• **Brief**
Wherever pictures appear in the listing below, leave them out, and copy exactly, and only, everything from the line with "This video is" down to the line with "So to begin, set".

• **Dataset section**
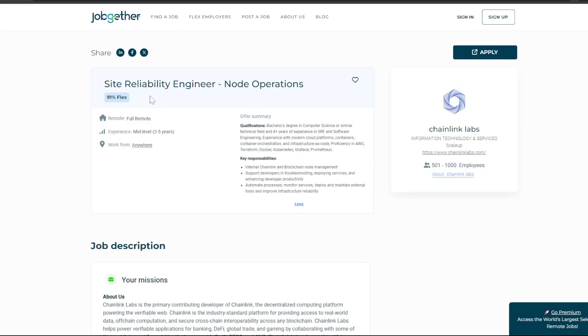Site Reliability Engineer is a fully remote job with mid-level 2-5 years experience required. The position requires a Bachelor's degree in Computer Science or similar technical fields.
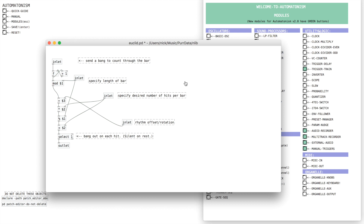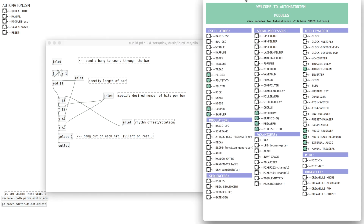This video is going to be the first part of this, and then I'm going to make another video where I show how to do the CV control kind of stuff, to make it so you can control it by LFOs and that kind of thing to make it more useful in Automatonism. But that'll be another follow-on video after this one.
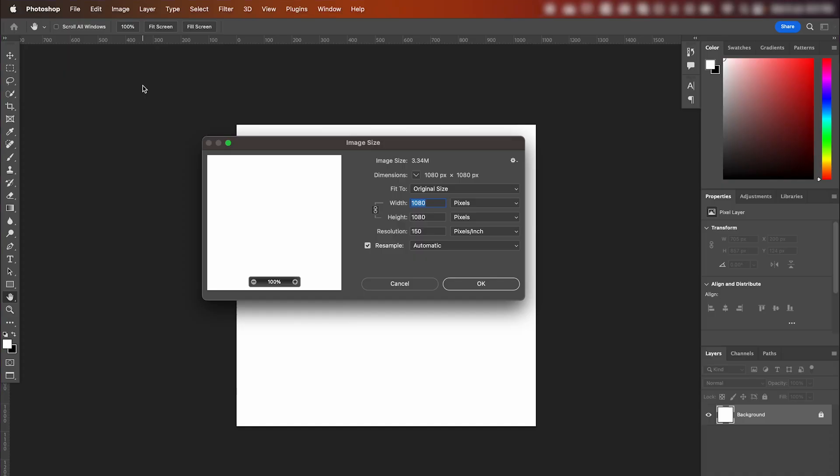So to begin, set up the canvas. I've got mine set to 1080 by 1080 pixels and a resolution of 150 pixels.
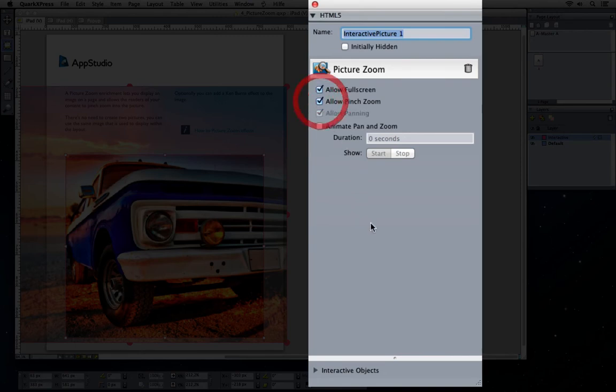Check the option to allow pinch zoom. Optionally, allow full screen so that the user can pan around and zoom also in full screen. Optionally, add a Ken Burns effect that you can control, as you have seen in slideshows.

• **Task solution**
This video is going to be the first part of this, and then I'm going to make another video where I show how to do the CV control kind of stuff, to make it so you can control it by LFOs and that kind of thing to make it more useful in Automatonism. But that'll be another follow-on video after this one.
So to begin, set up the canvas. I've got mine set to 1080 by 1080 pixels and a resolution of 150 pixels.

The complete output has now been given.